The Heroes of History series focuses on numerous American heroes, with inspiring biographies of their lives. I chose Daniel Boone because my son is an avid outdoorsman himself who loves fishing, camping, climbing trees, and just being outside in general. I thought he would relate to Boone’s love for the outdoors and his desire to explore the wilderness.
The set comes as a book and a CD, or a download. The book is 19 chapters long, and I thought it was very well-written. My son (an 8th/9th grader) could have read it on his own, but we like to do history together, so I read it aloud to him. He found Daniel’s adventures to be very exciting. The pace of the book was very good, and the chapters were perfect for daily reading.
The disc includes some short background info on Boone (perfect for an introduction) and a detailed overview with suggestions for how to use the guides. Of course, you can create your own routine (which we did), but if you are new to unit studies, this part is very helpful for scheduling purposes. The first part of the unit study contains the bulk of the information you will use, including Key Quotes from well-known people like authors and statesmen that somehow relate to the book, chapter questions, ideas for essays, creative writing, and projects, field trip suggestions and ideas, mapping activities, cross-curricular themes to explore, and an idea for a culminating event for the unit study. The appendix lists other resources you can use with the study including internet websites. The second part of the unit study contained some printables like a Daniel Boone fact sheet and maps.
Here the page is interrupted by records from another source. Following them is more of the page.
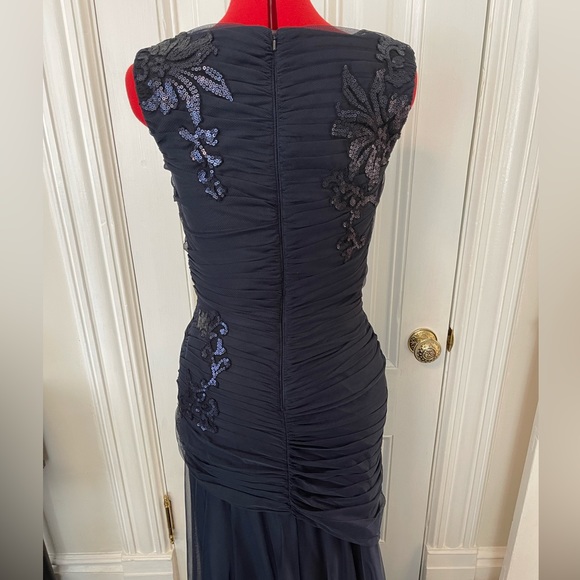 Tadashi Shoji evening gown - Picture 7 of 7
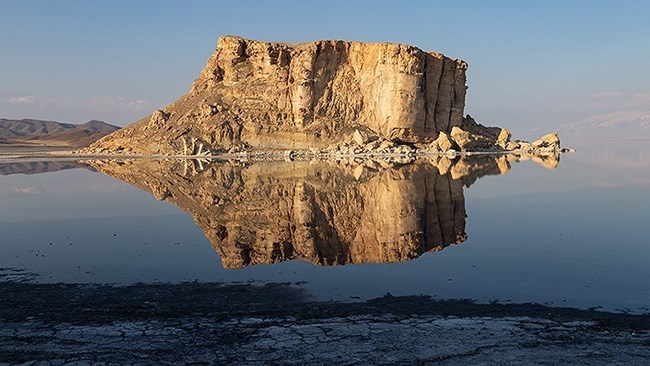 وضعیت دریاچه ارومیه طبق اعلام وزارت نیرو تقریبا معادل بهار ۱۰ سال قبل است.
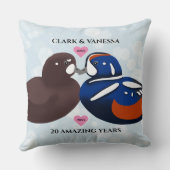 Harlequin Ducks Lovebirds Any Anniversary Year クッション (裏面)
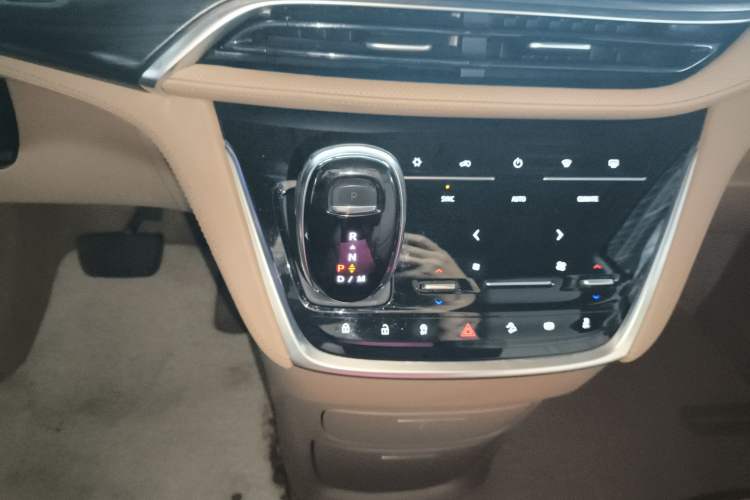 Used Buick GL8 2021 ES Land Cruiser 653T Flagship Model
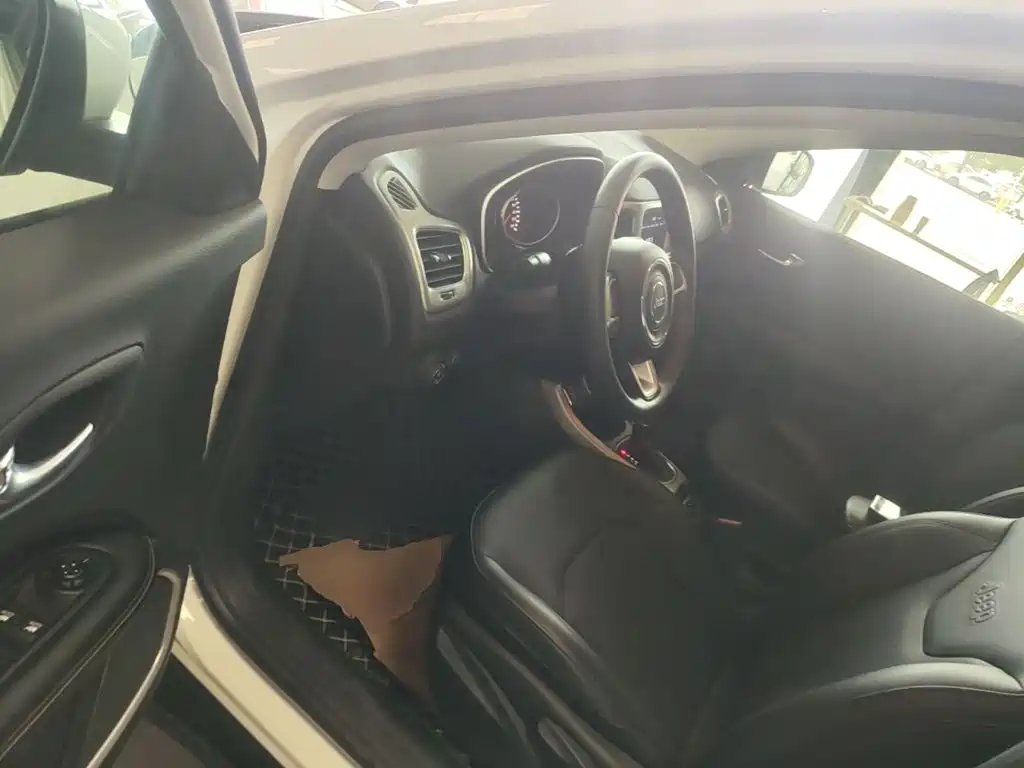 Jeep Compass 2019 — фото 16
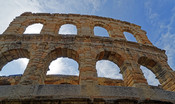 arena verona <img decoding=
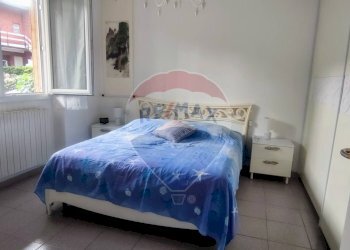 Camera / camera da letto - Terraced Villa Castelletto Sopra Ticino - photo 16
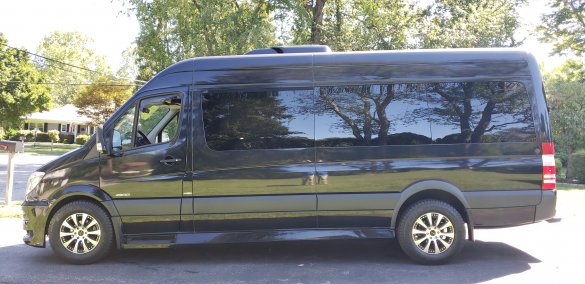 2016 Mercedes-Benz 2500 High Top 170" Antique for Sale in White Plains, NY - Photo 2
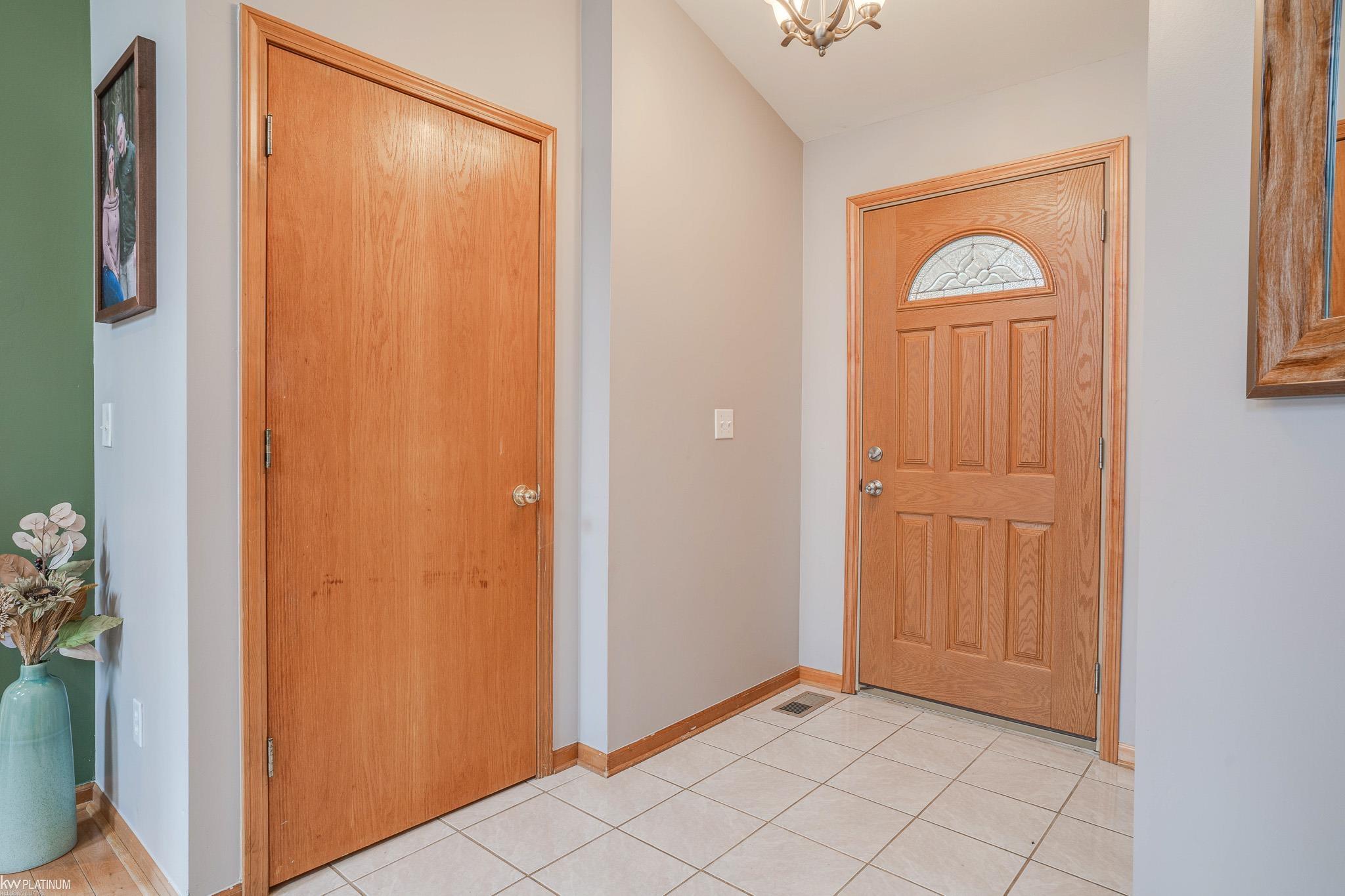 14381 Hess Road Holly, MI 48442 - Photo 8 of 55 50098534-7.JPG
Now, one thing I love about this unit study is the plethora of information it provides, but it can seem a little overwhelming at first. Remember that you do not have to do everything. You can pick and choose which parts of the study you want to do based on the time you have available, and the age and interest of your child. For young children, you may just read the book, ask some of the questions aloud, and then do some hands-on activities. And that’s fine. Since my son was older, we were able to utilize a lot of what YWAM had to offer, but even we couldn’t do it all!
I actually started with some of the websites listed in the appendix to let my son gather some of his own information to pique his interest before we got into the book. Then as we read the chapters, we answered a lot of the questions orally, with him writing down some of the facts on his sheet as we went along. He has also been mapping some of Daniel’s journey, and since we live in Florida, he took a particular interest in that part (I never even knew Daniel Boone came to Florida!). After reading the first few chapters, I decided to assign one of the creative writing tasks, keeping a Daniel Boone journal, to my son. So now, after each chapter, he writes an entry in the journal from Boone’s point of view. I figure this will make a nice keepsake and a good way to evaluate his understanding of the book at the end.
Looking ahead, I know that when we get to the end of the book, I am going to assign a few of the essays as a sort of “test” at the end, and probably have him choose one of the projects as well, but he likes those. We will also complete the mapping activities as well. In all, this will have covered the first couple of months of history for us (doing history 3-4 days per week), and I think we are both very satisfied.